An analysis on the economic assimilation of Mexican and Central American Migrants by GMC Director Giovanni Peri and former GMC Graduate Student Affiliate Zach Rutledge was recently published in the IZA Journal of Development and Migration.
GMC Director Giovanni Peri and coauthors have recently published a new NBER working paper on the effects of a 2013 Danish policy matching newly arrived refugees to occupations with local labor shortages.
ARE alumnus and Montana State University Assistant Professor Diane Charlton, recent Ph.D. graduate and Arizona State University Post-doc Zachariah Rutledge, and Professor J. Edward Taylor published a new chapter in the Handbook of Agricultural Economics titled “Evolving Agricultural Labor Markets.” It examines the changing role of agricultural employment in developing and developed economies across the globe.

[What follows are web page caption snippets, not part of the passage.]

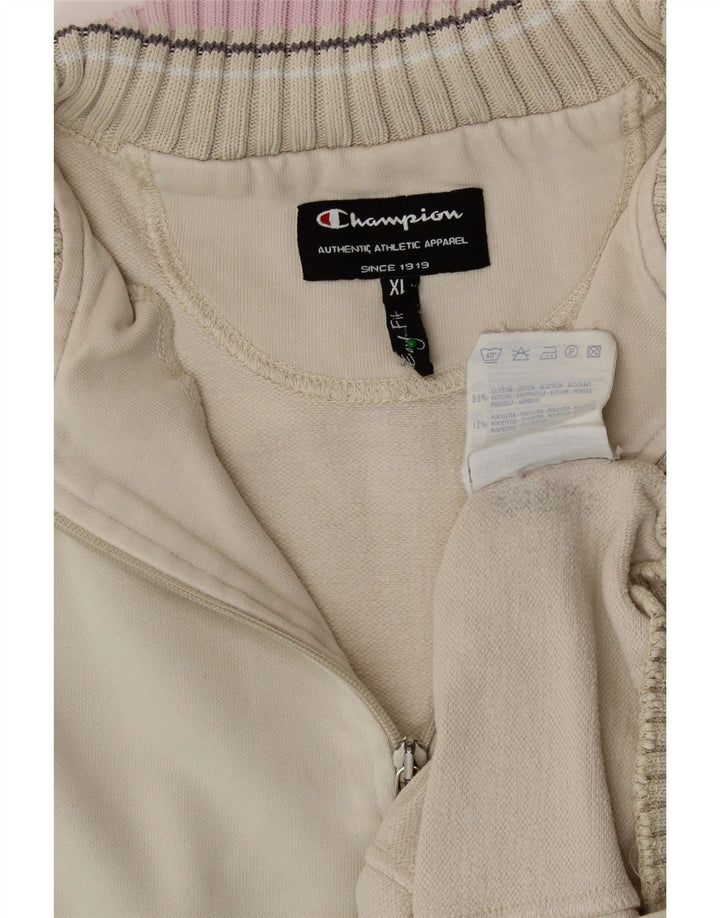 CHAMPION Damen-Sweatshirt mit Reißverschluss am Hals, UK 18, XL, Beige, Baumwolle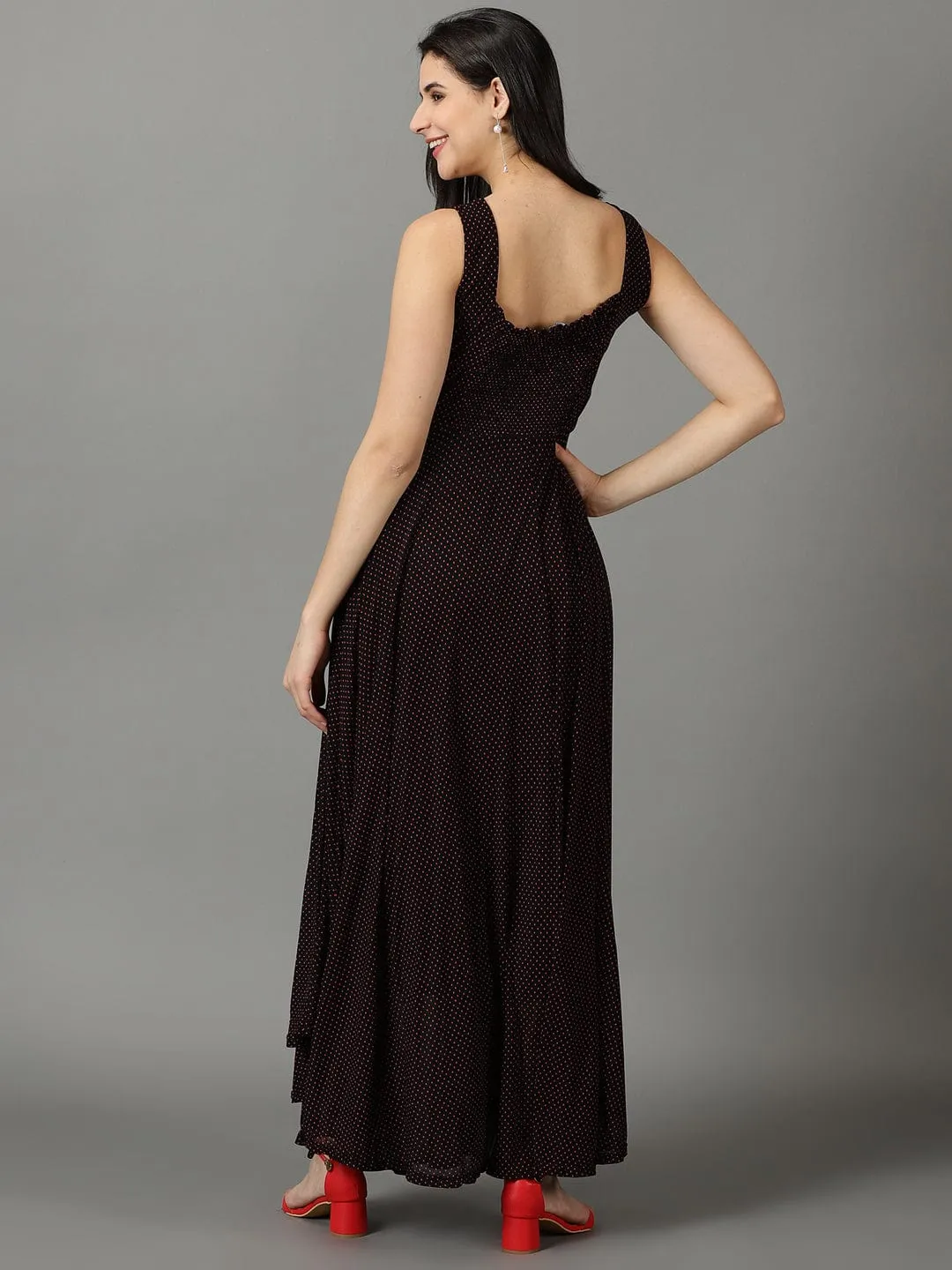 Women Black Polka Dots Printed V-Neck Fit & Flare Maxi Dress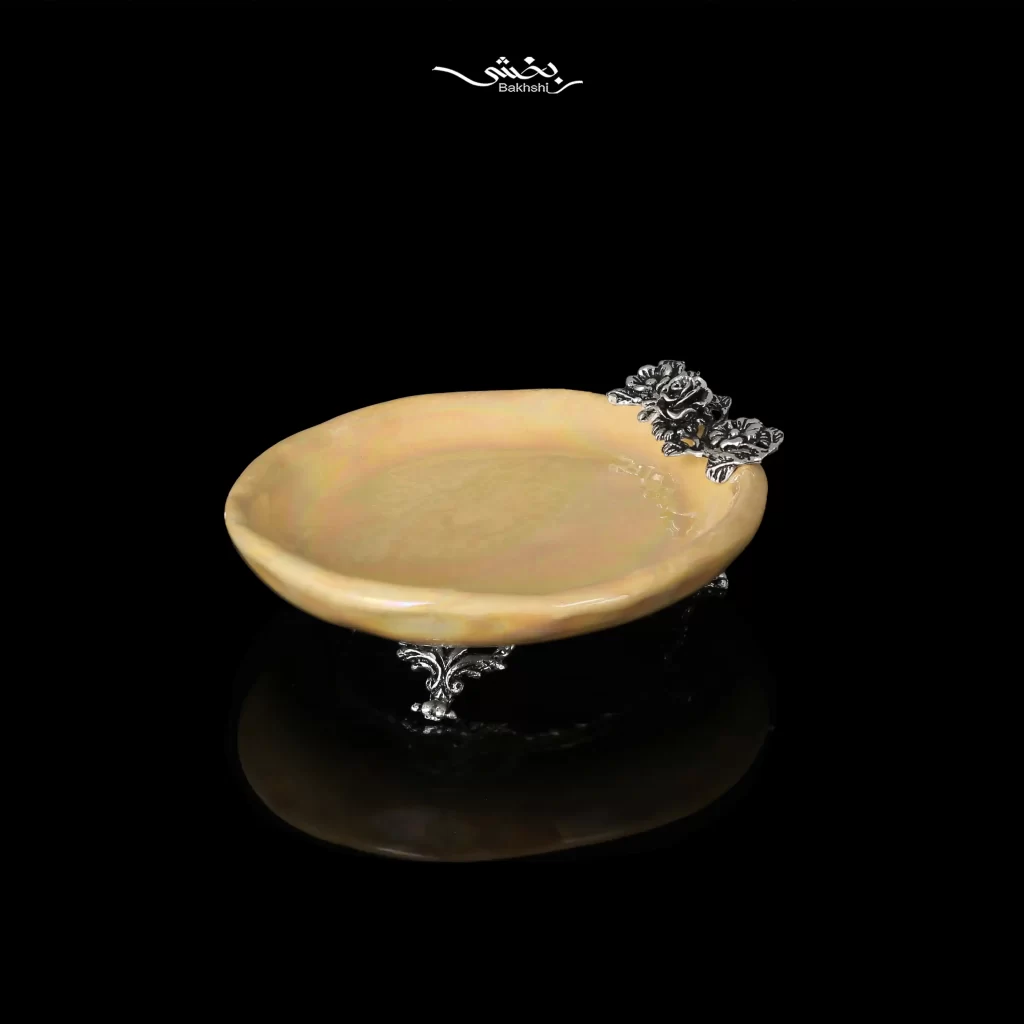 شیرینی خوری سرامیک نقره پایه دار شکوفه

Global Migration Center affiliates Philip Martin and Zachariah Rutledge published an article in California Agriculture that examined H-2A visa use and associated labor costs in the United States and California.
Last week, GMC director Giovanni Peri and coauthors published a paper examining the consequences on US workers of a significant return-migration episode during which at least 400,000 Mexicans returned to Mexico, between 1929 and 1934. They found that Mexican repatriations resulted in reduced employment and occupational downgrading of native workers. Furthermore, these patterns were stronger for low skilled workers and for workers in urban locations.